Fig. 10Full-screen View

Comparison of ΔCDEs. Experimental CDEs are indicted by symbols, while theoretical CDEs are presented as lines. For clarity, the CSRe2023 results (purple stars) are slightly right-shifted. Theoretical values are also presented, including those deduced from the semi-classical approach [39], and studies by Brown [42], Kaneko [38], and Ma [43]

While the ME values of ⁶³Ge from this work and CSRe2023 do not align well, the ΔCDEs at A=63 (and 65) are consistent with each other and agree with theoretical calculations (Fig. 10).
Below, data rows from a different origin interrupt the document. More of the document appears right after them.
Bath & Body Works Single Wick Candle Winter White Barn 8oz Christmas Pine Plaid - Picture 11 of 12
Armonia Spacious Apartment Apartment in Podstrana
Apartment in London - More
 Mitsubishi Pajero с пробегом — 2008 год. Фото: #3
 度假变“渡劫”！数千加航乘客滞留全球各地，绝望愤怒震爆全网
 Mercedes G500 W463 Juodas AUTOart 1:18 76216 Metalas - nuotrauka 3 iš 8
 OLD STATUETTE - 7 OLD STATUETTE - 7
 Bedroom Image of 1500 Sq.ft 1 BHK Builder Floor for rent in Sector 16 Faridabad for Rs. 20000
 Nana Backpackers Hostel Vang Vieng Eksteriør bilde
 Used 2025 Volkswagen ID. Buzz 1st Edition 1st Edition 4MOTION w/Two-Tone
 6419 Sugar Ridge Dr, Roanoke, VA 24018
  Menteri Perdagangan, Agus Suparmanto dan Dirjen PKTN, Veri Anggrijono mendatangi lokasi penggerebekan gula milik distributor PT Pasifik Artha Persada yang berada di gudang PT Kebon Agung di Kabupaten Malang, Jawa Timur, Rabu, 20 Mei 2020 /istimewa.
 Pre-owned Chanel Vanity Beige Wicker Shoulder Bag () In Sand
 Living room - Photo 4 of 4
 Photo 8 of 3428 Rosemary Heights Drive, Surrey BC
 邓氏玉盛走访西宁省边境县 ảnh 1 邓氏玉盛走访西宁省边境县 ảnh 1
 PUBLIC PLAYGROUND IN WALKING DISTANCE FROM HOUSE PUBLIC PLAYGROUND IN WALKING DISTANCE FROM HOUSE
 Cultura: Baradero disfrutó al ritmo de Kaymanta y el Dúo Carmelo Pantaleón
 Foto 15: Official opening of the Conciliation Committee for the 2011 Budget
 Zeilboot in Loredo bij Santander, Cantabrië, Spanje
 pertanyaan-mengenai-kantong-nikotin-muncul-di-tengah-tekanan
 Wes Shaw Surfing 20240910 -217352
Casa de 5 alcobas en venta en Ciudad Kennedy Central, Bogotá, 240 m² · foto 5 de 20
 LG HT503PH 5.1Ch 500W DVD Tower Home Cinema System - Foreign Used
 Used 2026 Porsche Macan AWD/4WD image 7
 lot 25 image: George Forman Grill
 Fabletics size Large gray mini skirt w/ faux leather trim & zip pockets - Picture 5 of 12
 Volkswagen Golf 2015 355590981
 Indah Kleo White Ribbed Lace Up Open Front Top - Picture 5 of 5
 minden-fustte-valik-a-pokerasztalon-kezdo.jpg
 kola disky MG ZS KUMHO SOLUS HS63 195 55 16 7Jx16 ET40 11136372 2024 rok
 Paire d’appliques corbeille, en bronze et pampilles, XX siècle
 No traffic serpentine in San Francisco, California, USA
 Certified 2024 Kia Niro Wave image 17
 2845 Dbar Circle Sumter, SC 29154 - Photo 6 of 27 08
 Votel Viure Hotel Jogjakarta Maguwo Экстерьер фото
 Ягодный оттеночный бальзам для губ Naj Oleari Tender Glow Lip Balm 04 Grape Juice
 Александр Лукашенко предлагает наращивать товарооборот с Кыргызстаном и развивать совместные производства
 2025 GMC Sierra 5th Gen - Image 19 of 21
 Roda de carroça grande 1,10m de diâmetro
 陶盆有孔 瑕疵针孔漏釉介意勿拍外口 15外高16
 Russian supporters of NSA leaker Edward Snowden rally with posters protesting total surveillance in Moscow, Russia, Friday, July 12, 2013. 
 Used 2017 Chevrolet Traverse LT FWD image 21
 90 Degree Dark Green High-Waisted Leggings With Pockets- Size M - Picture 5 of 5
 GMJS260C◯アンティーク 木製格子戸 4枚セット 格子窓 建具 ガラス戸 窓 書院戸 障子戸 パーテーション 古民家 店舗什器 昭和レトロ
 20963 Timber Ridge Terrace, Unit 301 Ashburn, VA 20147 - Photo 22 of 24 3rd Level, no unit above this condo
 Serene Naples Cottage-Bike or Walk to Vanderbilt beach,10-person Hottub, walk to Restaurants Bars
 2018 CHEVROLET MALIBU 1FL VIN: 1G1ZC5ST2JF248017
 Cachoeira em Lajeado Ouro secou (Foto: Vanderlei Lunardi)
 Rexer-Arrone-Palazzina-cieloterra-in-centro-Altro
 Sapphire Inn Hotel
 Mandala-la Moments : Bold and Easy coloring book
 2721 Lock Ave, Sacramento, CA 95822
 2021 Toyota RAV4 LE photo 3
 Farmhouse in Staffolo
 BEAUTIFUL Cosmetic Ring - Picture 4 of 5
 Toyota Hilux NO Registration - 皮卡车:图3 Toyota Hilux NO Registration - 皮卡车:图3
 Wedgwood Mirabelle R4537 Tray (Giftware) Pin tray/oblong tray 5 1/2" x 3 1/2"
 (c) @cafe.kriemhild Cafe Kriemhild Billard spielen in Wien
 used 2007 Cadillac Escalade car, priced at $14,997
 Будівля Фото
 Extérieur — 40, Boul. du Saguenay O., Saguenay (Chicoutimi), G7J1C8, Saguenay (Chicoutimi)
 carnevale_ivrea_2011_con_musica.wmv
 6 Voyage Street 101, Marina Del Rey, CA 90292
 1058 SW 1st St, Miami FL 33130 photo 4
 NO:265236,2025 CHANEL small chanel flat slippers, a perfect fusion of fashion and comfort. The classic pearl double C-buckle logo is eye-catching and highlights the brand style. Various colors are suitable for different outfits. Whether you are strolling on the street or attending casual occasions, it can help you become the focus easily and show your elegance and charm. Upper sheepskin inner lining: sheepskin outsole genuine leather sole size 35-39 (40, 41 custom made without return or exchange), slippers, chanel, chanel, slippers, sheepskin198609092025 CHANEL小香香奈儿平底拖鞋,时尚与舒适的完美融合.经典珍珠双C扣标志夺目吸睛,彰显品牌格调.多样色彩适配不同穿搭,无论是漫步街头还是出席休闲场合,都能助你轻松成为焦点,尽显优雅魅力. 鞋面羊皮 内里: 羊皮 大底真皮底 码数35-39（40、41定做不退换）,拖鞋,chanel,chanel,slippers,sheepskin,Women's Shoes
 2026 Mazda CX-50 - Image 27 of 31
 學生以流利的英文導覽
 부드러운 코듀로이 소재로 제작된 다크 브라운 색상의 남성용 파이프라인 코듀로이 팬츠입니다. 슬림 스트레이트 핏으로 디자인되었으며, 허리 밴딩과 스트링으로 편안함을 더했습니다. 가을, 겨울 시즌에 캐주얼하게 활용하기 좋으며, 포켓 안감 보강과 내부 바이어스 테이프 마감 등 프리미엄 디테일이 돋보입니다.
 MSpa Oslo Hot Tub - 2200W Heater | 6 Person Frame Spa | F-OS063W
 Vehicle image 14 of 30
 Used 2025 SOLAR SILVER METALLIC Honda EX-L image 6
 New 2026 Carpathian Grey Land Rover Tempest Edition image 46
Therefore, future mass measurements of ⁶³Ge are required to resolve the mass discrepancy.

Conclusion and outlook

This study introduces Tune-IMS, a novel technique designed to enhance the performance of IMS. By effectively utilizing measured Q values, Tune-IMS was successfully implemented in IMS experiment at HIRFL-CSR. This approach led to a narrower revolution time spread, particularly for nuclides not satisfying the isochronous condition. Consequently, more precise mass values for fp shell nuclei ⁶³Ge, ⁶⁵As, ⁶⁷Se, and ⁷¹Kr were re-determined, with validation supported by recent Bρ-IMS experiments. These redefined masses facilitated the calculation of CDEs, clarifying anomalies observed with previous mass values.

In Tune-IMS, the ion statistics are reduced due to the selection of Q values. To improve efficiency, a new type of TOF detector with positional sensitivity is currently under development [45]. This detector will provide additional position information, improving Q measurement performance and data utilization efficiency. Overall, Tune-IMS serves as a valuable complement to newly developed Bρ-defined IMS techniques and is particularly beneficial for conventional IMS systems equipped with a single TOF detector.